[About this task]
Using the records below, output the stretch that opens with the line containing "a close up of" and closes with the line containing "The Gardeners Ornament", exactly and including both lines, with nothing more.

Data to examine: Begin

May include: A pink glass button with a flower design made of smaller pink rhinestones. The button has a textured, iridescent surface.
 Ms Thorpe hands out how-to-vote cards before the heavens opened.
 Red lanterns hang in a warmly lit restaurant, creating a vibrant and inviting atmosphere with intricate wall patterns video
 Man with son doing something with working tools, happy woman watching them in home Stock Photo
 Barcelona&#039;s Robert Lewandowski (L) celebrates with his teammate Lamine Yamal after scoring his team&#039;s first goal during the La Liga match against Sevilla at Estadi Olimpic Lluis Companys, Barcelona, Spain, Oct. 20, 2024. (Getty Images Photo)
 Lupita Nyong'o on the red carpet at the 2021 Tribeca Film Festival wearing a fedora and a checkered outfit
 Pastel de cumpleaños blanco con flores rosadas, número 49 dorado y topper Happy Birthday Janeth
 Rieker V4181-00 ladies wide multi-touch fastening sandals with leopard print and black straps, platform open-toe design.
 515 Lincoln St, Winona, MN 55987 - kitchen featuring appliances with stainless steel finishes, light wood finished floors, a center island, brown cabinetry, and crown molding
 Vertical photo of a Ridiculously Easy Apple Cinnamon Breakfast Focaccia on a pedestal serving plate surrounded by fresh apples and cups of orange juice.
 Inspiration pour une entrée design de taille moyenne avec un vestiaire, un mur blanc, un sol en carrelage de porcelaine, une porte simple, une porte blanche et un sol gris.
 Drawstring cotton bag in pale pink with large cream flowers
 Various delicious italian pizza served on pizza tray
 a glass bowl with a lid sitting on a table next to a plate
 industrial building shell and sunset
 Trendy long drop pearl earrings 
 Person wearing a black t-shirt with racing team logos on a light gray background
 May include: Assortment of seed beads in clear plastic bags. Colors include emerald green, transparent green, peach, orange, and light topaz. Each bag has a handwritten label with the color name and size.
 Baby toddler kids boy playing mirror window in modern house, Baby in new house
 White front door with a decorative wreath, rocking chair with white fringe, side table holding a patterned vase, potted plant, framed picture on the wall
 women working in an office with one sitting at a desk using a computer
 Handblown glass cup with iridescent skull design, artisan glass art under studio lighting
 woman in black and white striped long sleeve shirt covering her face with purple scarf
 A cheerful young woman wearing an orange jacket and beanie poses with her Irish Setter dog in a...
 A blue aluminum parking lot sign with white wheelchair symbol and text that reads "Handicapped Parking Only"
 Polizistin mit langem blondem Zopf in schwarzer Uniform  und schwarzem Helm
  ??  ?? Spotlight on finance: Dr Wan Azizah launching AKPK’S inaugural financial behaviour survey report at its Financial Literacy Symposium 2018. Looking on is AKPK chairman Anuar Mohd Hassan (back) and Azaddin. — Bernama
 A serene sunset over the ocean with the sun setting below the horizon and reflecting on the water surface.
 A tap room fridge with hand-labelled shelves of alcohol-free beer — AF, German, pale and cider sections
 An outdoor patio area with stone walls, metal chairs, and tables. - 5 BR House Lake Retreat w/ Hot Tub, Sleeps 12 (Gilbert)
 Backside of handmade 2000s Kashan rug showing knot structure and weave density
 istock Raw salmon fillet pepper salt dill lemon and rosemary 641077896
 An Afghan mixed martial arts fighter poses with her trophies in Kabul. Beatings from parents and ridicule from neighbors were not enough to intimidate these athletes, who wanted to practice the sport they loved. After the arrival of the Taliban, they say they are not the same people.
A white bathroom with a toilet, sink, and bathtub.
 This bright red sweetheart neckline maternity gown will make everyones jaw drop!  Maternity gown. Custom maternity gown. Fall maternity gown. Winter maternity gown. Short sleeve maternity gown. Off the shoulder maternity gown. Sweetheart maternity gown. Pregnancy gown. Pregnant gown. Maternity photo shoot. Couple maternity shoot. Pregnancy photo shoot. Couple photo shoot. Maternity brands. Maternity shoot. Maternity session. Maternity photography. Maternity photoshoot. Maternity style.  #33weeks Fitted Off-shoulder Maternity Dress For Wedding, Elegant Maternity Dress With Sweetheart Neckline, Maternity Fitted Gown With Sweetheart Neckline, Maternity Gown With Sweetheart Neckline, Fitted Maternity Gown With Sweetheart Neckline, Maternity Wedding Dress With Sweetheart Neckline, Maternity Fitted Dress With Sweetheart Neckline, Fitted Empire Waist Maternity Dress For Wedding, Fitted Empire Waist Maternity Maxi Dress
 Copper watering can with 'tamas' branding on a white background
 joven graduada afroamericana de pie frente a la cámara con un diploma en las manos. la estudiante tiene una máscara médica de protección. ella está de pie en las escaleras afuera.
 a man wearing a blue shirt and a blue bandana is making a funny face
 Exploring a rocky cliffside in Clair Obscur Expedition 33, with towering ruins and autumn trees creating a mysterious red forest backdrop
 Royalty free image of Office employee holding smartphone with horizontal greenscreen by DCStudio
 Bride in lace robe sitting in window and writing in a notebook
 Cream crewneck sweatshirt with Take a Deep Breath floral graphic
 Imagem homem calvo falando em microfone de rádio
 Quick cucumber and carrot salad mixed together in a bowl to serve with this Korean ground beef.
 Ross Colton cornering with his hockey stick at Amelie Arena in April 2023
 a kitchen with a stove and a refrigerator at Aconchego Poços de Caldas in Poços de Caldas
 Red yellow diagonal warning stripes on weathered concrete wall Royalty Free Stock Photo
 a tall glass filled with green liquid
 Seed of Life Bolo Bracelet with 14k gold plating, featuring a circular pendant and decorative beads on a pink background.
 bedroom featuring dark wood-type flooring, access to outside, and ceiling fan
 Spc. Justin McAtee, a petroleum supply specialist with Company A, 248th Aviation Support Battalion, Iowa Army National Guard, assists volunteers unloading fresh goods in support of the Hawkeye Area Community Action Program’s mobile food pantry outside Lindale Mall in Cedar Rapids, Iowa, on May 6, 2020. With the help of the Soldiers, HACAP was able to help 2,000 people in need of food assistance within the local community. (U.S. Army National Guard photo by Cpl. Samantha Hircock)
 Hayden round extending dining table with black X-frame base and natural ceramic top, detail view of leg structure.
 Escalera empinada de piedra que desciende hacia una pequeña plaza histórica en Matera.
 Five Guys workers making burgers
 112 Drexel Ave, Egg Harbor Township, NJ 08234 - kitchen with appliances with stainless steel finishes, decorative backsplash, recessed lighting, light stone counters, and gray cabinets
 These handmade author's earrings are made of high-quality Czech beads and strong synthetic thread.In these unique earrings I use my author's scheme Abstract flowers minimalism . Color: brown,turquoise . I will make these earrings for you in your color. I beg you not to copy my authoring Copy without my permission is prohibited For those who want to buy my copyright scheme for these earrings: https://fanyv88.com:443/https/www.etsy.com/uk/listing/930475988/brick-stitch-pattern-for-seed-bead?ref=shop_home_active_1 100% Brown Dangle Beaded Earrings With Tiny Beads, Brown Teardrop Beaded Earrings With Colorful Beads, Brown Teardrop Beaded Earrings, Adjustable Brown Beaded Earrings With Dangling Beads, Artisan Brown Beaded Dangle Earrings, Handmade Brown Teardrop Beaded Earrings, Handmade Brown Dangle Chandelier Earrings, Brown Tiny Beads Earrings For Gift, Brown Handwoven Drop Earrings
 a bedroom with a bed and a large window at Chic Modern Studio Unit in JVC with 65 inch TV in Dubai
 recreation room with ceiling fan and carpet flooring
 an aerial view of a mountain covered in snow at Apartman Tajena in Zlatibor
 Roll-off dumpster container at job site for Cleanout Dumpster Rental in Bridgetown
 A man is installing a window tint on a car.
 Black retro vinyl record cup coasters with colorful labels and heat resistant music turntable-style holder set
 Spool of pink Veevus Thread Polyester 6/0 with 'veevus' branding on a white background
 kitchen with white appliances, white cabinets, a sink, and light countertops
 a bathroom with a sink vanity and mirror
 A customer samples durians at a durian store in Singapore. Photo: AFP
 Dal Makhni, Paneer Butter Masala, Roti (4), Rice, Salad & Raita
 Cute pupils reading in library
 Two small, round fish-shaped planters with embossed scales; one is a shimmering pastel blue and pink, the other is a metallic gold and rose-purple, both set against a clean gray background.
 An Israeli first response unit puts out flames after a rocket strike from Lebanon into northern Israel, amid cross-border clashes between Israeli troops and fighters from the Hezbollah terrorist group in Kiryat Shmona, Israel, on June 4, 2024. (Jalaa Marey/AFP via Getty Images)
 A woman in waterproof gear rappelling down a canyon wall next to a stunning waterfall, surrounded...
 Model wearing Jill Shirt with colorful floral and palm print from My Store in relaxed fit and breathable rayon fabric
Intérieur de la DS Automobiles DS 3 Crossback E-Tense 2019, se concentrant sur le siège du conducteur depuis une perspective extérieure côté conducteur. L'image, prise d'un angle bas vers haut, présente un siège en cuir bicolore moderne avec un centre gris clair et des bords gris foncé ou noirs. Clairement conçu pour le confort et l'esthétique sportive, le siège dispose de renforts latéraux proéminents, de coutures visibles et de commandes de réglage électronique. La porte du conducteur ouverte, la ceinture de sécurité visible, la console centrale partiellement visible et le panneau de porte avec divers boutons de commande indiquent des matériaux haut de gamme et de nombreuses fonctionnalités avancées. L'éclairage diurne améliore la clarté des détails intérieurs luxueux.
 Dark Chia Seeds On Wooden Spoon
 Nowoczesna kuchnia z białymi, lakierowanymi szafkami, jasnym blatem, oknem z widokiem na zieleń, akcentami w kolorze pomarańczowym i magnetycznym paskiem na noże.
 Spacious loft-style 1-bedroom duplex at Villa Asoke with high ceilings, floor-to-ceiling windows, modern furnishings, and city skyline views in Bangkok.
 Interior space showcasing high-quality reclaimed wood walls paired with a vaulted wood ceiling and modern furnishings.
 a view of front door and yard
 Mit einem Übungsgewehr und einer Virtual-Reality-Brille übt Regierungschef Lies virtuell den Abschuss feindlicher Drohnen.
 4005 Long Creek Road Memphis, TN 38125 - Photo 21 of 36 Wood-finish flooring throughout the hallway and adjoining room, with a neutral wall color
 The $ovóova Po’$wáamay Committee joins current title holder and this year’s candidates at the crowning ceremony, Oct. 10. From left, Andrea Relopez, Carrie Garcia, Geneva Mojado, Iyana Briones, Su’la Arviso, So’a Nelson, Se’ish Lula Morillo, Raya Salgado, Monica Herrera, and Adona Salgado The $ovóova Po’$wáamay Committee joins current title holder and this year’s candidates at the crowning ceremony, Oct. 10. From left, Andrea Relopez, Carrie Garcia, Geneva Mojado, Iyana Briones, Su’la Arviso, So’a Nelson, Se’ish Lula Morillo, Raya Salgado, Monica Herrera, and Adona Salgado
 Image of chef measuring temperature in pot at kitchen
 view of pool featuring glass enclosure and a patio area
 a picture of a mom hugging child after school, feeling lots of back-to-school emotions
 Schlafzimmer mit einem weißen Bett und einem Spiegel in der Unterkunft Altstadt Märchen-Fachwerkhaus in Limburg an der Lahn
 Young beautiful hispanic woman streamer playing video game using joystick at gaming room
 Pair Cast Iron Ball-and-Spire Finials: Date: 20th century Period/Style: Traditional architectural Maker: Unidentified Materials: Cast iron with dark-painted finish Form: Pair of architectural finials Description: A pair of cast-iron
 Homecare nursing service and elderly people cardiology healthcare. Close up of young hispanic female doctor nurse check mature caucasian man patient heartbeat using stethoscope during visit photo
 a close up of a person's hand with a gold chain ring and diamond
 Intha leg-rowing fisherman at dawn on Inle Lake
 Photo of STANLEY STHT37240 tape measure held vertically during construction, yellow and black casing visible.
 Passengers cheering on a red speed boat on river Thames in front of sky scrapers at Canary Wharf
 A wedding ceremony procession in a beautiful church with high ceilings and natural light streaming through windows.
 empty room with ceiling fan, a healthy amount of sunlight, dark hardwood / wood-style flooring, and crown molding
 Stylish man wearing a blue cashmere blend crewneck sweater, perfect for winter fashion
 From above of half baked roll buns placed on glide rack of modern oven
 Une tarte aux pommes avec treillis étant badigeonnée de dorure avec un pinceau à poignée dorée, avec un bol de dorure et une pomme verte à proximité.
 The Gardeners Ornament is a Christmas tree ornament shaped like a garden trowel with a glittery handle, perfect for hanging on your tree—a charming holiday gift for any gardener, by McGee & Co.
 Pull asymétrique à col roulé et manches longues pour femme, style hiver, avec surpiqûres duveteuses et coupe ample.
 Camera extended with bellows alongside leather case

Data to examine: End

[Response to this exercise]
 a close up of a person's hand with a gold chain ring and diamond
 Intha leg-rowing fisherman at dawn on Inle Lake
 Photo of STANLEY STHT37240 tape measure held vertically during construction, yellow and black casing visible.
 Passengers cheering on a red speed boat on river Thames in front of sky scrapers at Canary Wharf
 A wedding ceremony procession in a beautiful church with high ceilings and natural light streaming through windows.
 empty room with ceiling fan, a healthy amount of sunlight, dark hardwood / wood-style flooring, and crown molding
 Stylish man wearing a blue cashmere blend crewneck sweater, perfect for winter fashion
 From above of half baked roll buns placed on glide rack of modern oven
 Une tarte aux pommes avec treillis étant badigeonnée de dorure avec un pinceau à poignée dorée, avec un bol de dorure et une pomme verte à proximité.
 The Gardeners Ornament is a Christmas tree ornament shaped like a garden trowel with a glittery handle, perfect for hanging on your tree—a charming holiday gift for any gardener, by McGee & Co.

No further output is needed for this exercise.